Please print each entry below exactly as it reads.

Records from a dataset ->
++++++++

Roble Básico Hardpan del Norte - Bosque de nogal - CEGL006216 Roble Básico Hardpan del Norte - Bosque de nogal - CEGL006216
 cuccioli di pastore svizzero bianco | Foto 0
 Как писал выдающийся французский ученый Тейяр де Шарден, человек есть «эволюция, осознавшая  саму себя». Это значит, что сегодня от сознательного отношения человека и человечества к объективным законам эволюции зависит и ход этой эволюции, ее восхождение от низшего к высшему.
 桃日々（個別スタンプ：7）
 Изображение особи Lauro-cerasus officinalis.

++++++++

Output for this task ->
Roble Básico Hardpan del Norte - Bosque de nogal - CEGL006216 Roble Básico Hardpan del Norte - Bosque de nogal - CEGL006216
 cuccioli di pastore svizzero bianco | Foto 0
 Как писал выдающийся французский ученый Тейяр де Шарден, человек есть «эволюция, осознавшая  саму себя». Это значит, что сегодня от сознательного отношения человека и человечества к объективным законам эволюции зависит и ход этой эволюции, ее восхождение от низшего к высшему.
 桃日々（個別スタンプ：7）
 Изображение особи Lauro-cerasus officinalis.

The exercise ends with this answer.